_Action item_
Beneath this line sits some data. Return only its lines from the one holding "ein Senior Mann tun physisch Übungen foto" through the one holding "Bolso con moña dorado", inclusive, exactly, with the images removed.

_Dataset entries_
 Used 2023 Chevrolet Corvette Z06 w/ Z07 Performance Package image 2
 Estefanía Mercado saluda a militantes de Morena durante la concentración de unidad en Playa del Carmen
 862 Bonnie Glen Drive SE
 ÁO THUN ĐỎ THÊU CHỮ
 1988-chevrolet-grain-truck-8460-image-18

==

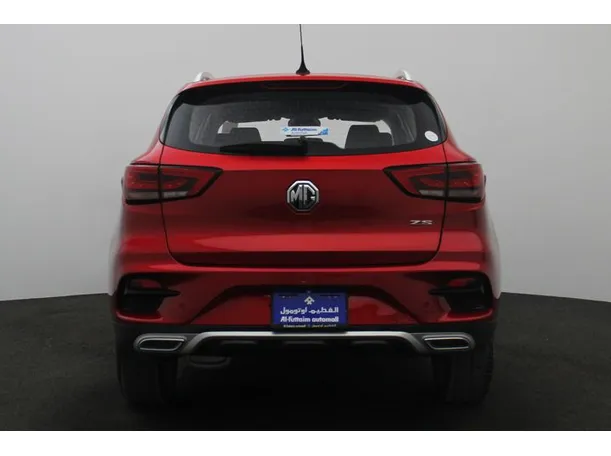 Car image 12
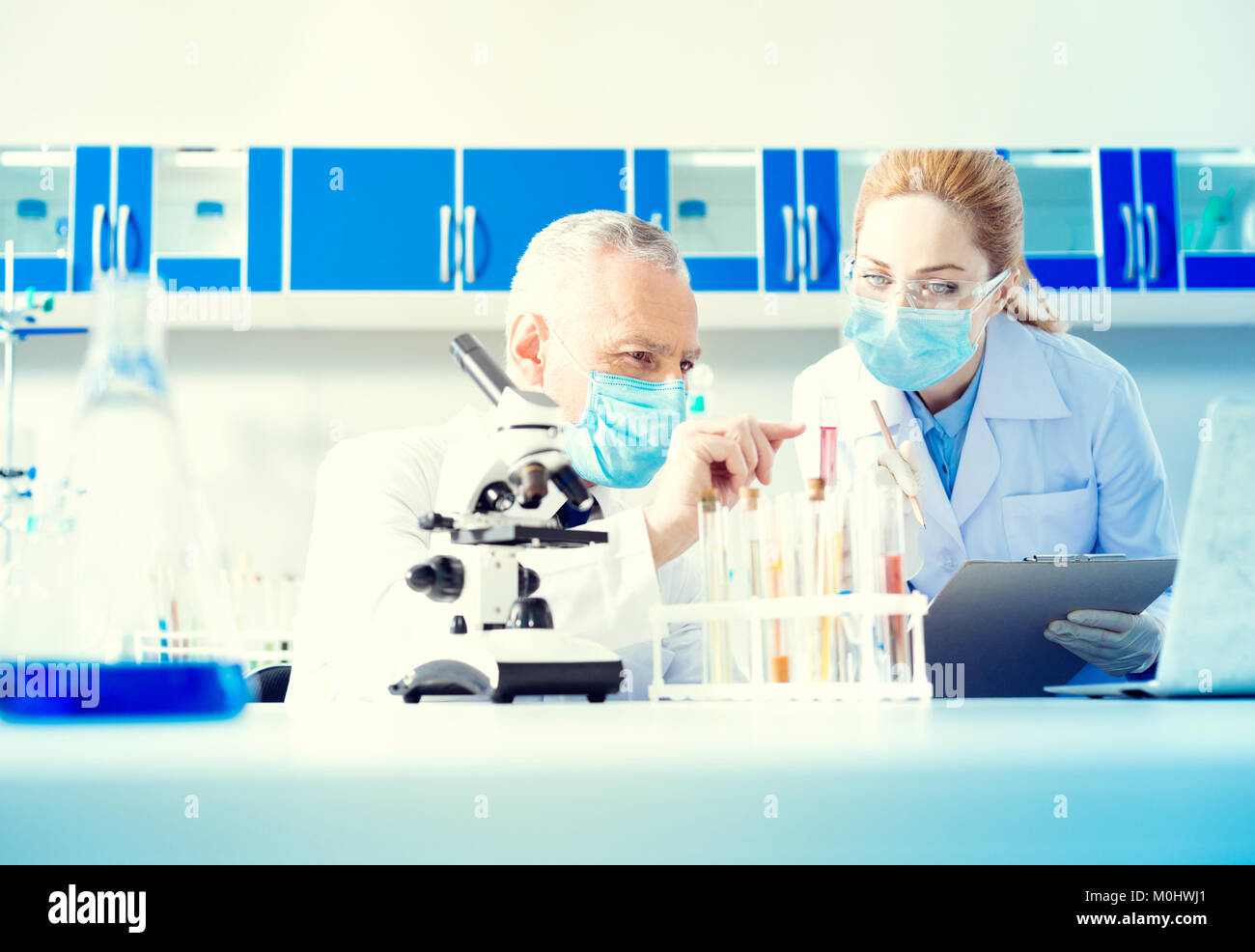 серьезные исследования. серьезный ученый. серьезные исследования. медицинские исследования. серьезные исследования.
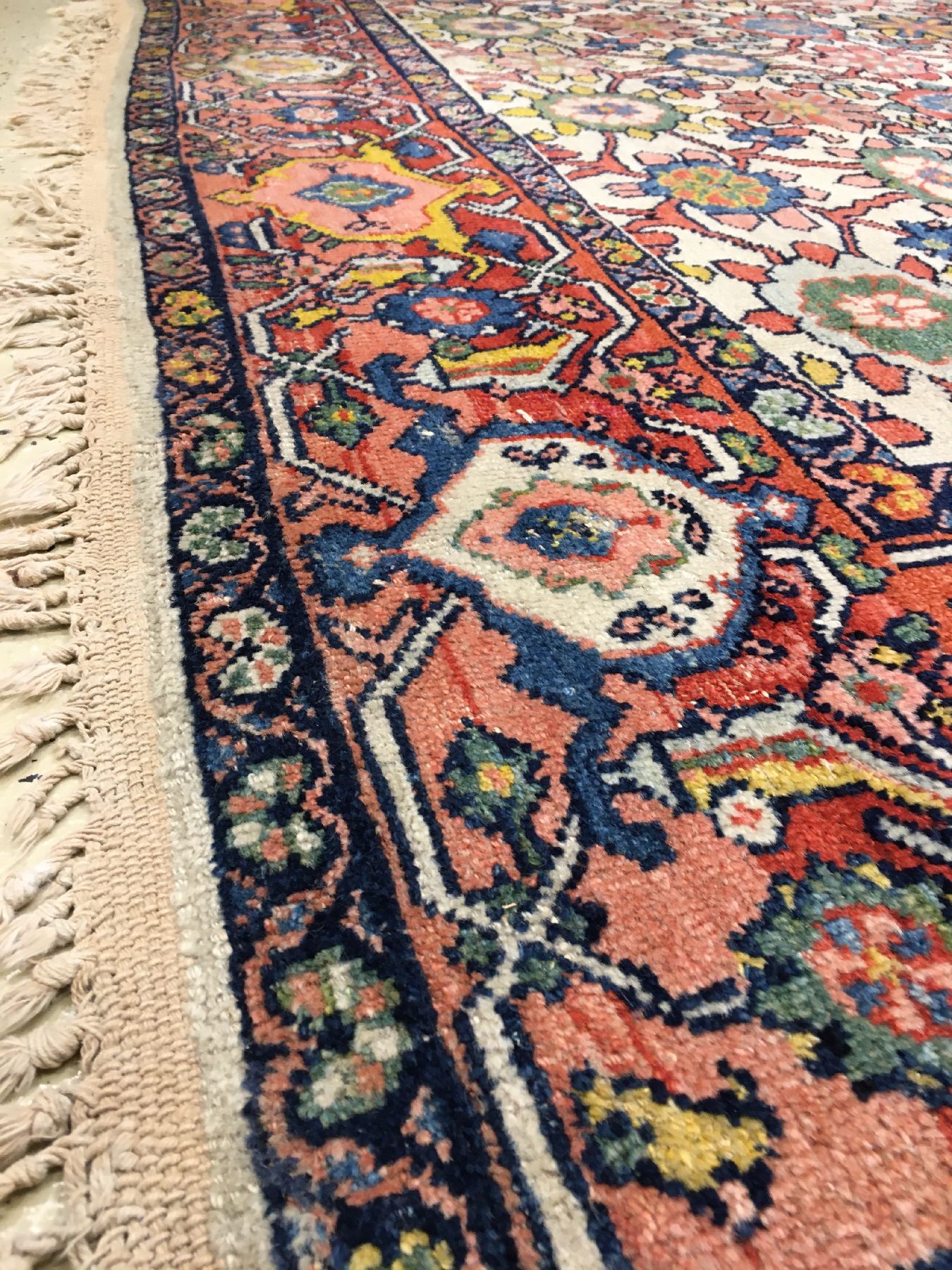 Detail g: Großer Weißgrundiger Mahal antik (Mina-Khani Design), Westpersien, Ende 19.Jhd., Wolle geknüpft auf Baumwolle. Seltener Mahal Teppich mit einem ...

...

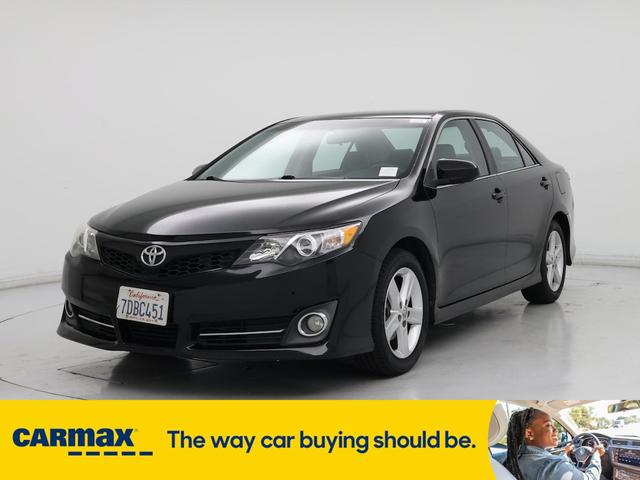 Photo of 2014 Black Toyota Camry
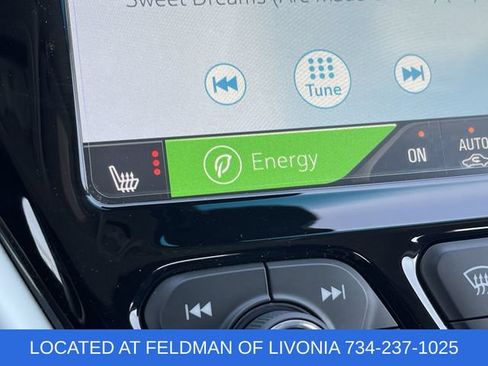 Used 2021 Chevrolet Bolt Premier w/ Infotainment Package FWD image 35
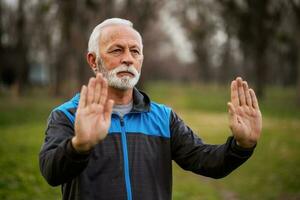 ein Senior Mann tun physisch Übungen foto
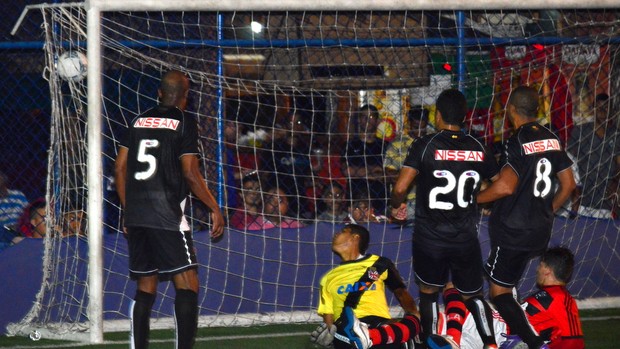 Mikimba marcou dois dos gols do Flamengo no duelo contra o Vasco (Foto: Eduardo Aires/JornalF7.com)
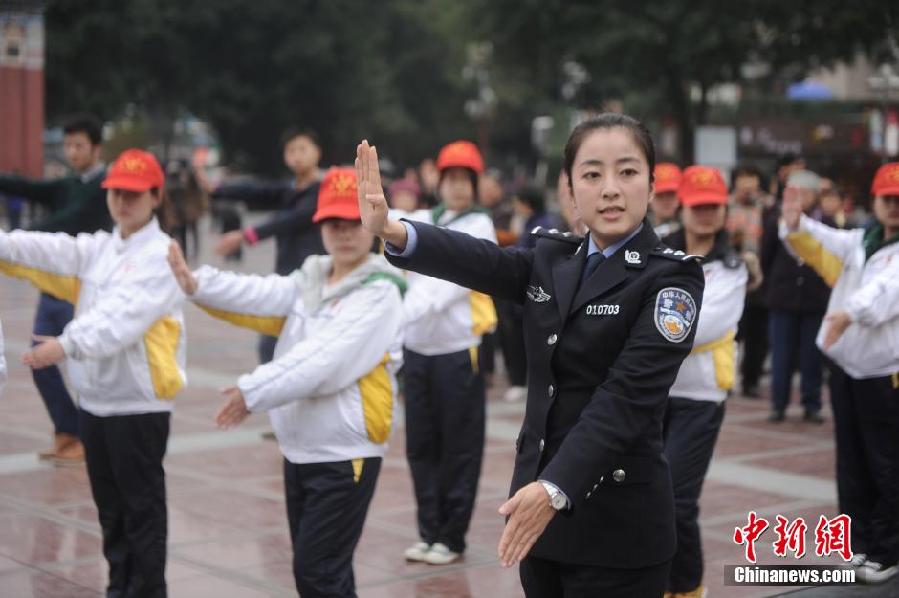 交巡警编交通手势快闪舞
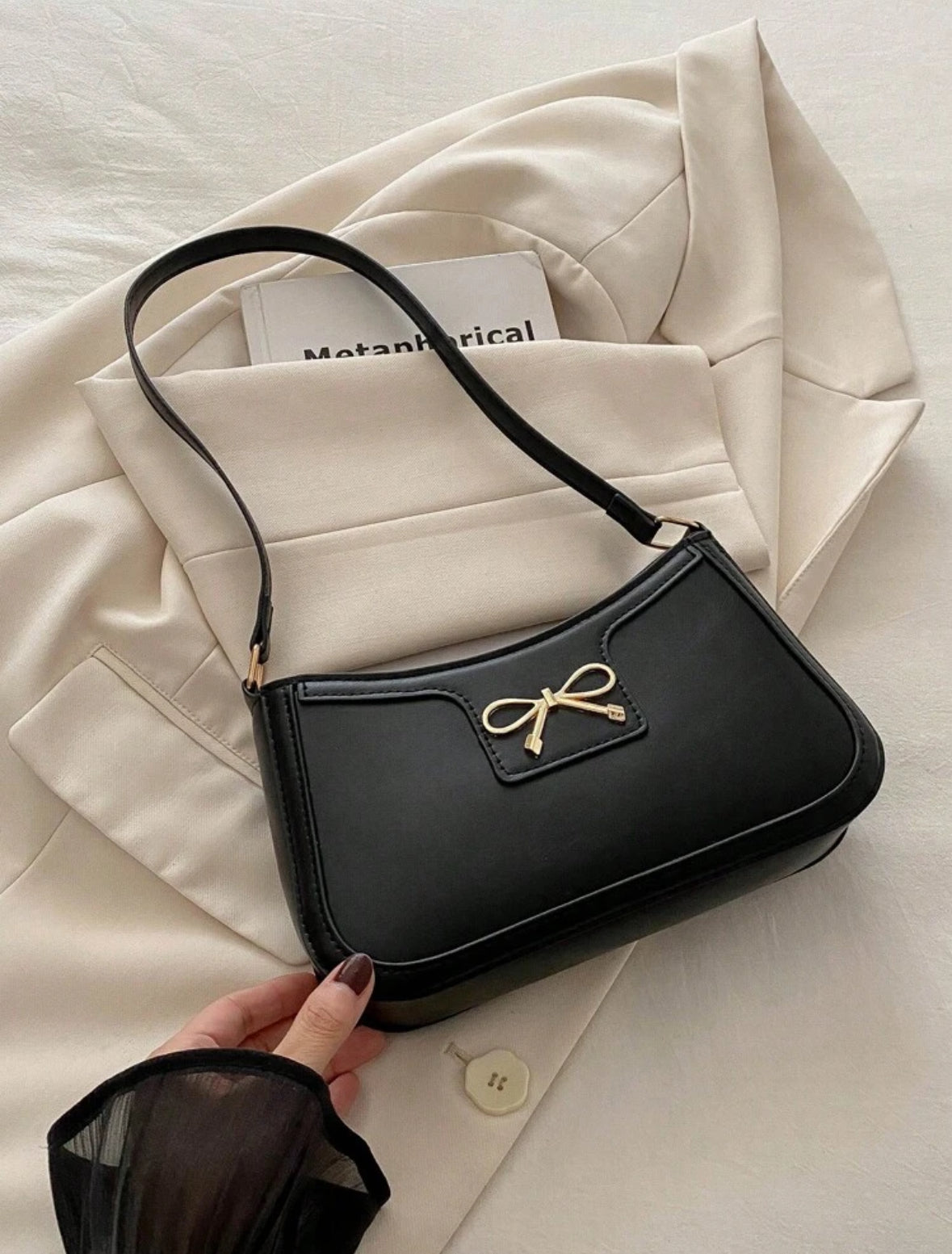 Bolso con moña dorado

_Exercise answer_
 ein Senior Mann tun physisch Übungen foto
 Mikimba marcou dois dos gols do Flamengo no duelo contra o Vasco (Foto: Eduardo Aires/JornalF7.com)
 交巡警编交通手势快闪舞
 Bolso con moña dorado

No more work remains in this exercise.